Sainte-Beuve, в статье о Вертере, очень близко подходит к правде. Он, прежде всего, не берет Вертера исключительно как художественное произведение; он рассматривает его в связи с временем и биографией автора. Оценивает все сразу, правду и выдумку, дань, которую 23-летний Гете отдал толпе своего времени, и верную «волю к жизни» молодого гения. Sainte-Beuve правильно указывает, что конец Вертера вульгарен и фальшив, портит произведение и до такой степени не вяжется с ярким, сознательно-волевым характером Гете-Вертера и его любви, что почти похож на мистификацию.
Поэтому мы, с нашей точки зрения, и должны назвать Вертера «смешанным». Любовь к Шарлотте — не совсем, не вполне то, что «бывает»; в ней очень сквозит «должное». Но у юного автора это должное лишь в ощущениях; поэтому самоубийство Вертера, конец, соответствующий другой любви и другому герою, мог соблазнить неокрепший гений Гете. К Гете же особенно приложимы слова Вейнингера о Личности как «становящемся»: «Человек медленно и постепенно, в течение всей жизни, приобретает ее…». Лишь через многие десятилетия Гете дошел до той удивительной (первой или последней?) встречи Фауста и Маргариты, когда Маргарита ждет, чтобы Фауст узнал ее, и они вместе идут наверх…

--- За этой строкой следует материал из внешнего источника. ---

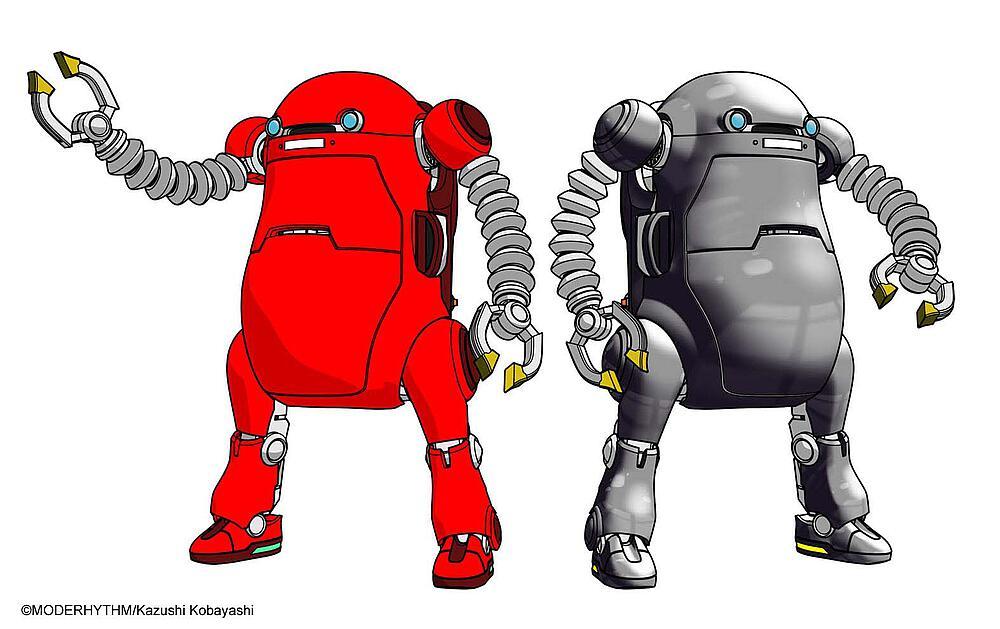 MechatroWeGo No. 20, alter Typ, Rot und Silber MechatroWeGo No. 20, alter Typ, Rot und Silber von Hasegawa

Но и в годы Вертера воля Гете не лежала к «данному»; он пламенно любил действительный мир, но не за то, что он «такой», а за то, что из него, такого, «может выйти» (по его выражению).

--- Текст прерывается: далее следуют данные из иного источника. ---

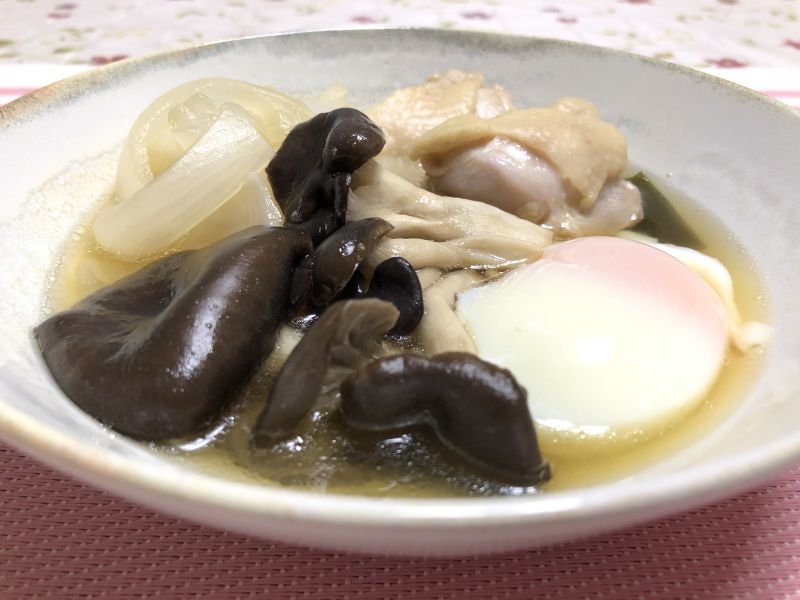 霜降りひらたけと新玉ねぎの親子煮♪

Именно в несоответствии, в несгармонированности конца Вертера с материей его любви и лежит фальшь романа. Ведь не упрекаем же мы в фальши несчастного Азру (несколько надоевшего), который с самого начала верен себе, и так и заявляет: «Я из рода бедных Азров: полюбив (любовью, смысла не имеющей и смысла не ищущей), мы умираем…», что, как мы видели, чрезвычайно естественно.

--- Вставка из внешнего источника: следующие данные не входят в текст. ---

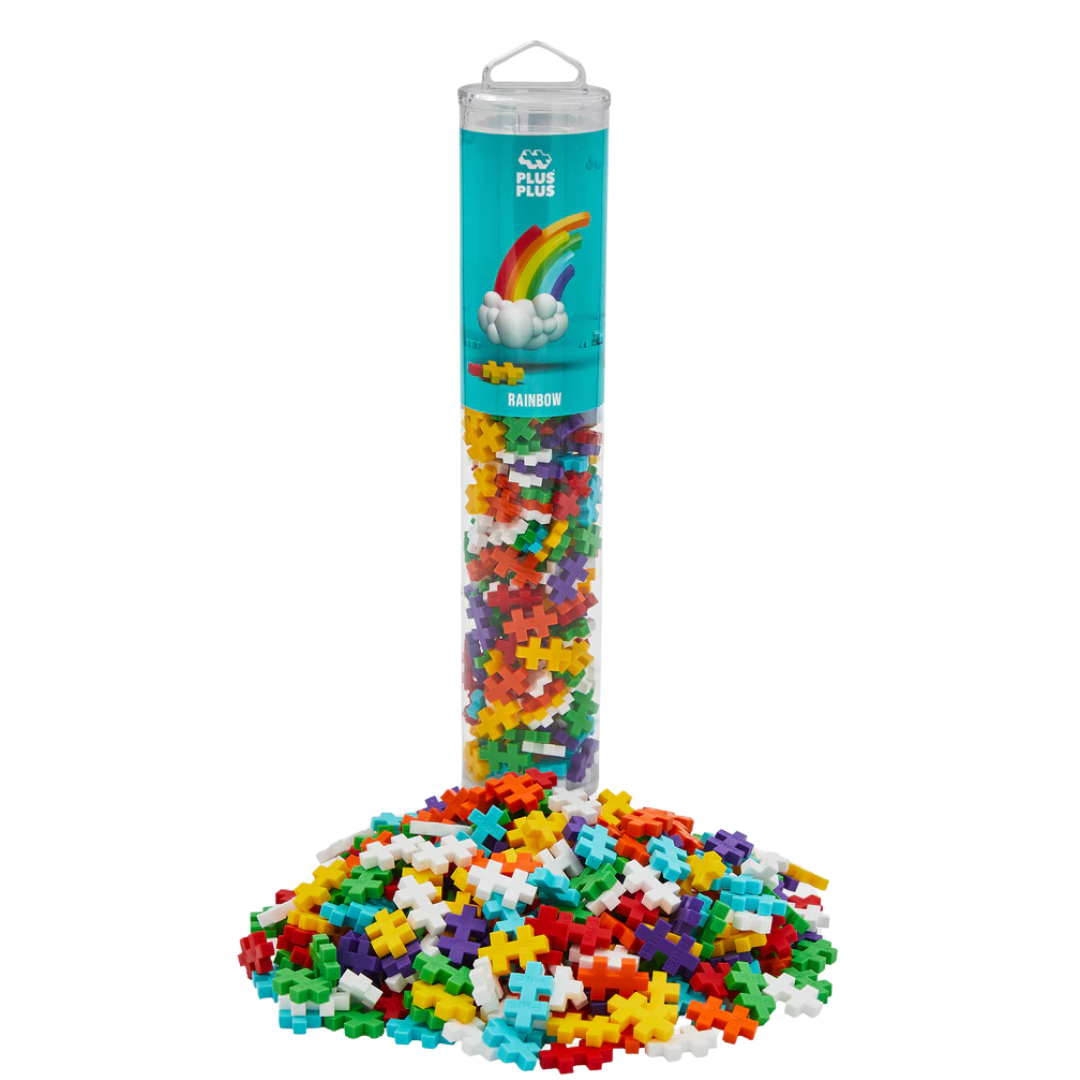 Plus-Plus 240 pc Tube - Rainbow Mix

Бунинский Митя — прежде всего сам полная противоположность Вертеру. Живой до иллюзии: именно такие «бывают» русские (помещичьего оскуденья), мальчики, полудеревенские птенцы, полоротые, неуклюжие, хорошие. Установим сразу: Бунин — король изобразительности, король «данного»; я не знаю в современности равного ему мастера, такого — не рассказывающего нам о природе, вещах и людях, а прямо показывающего их. Это сила очень серьезного таланта. Соловьев не признает «художественными» произведения, где изображается только «данное», в том виде, в каком оно «есть». Но… для большого творческого таланта это и невозможно. Конечно, талант изобразительный по преимуществу, художник, не склонный к обобщениям и не ищущий смысла явлений, не будет изображать предметы «в свете нового мира» или с точки зрения их окончательного состояния. Он этой точки зрения не имеет, он будет стараться рисовать их просто, какими видит. Но именно большой талант не сможет остановиться на этом, ограничиться этим: какую-то волю свою он проявит, отразит в творческом образе. И я подчеркиваю: если он не желает или не умеет видеть улугшенной действительности, он рискует дать ее ухудшенной.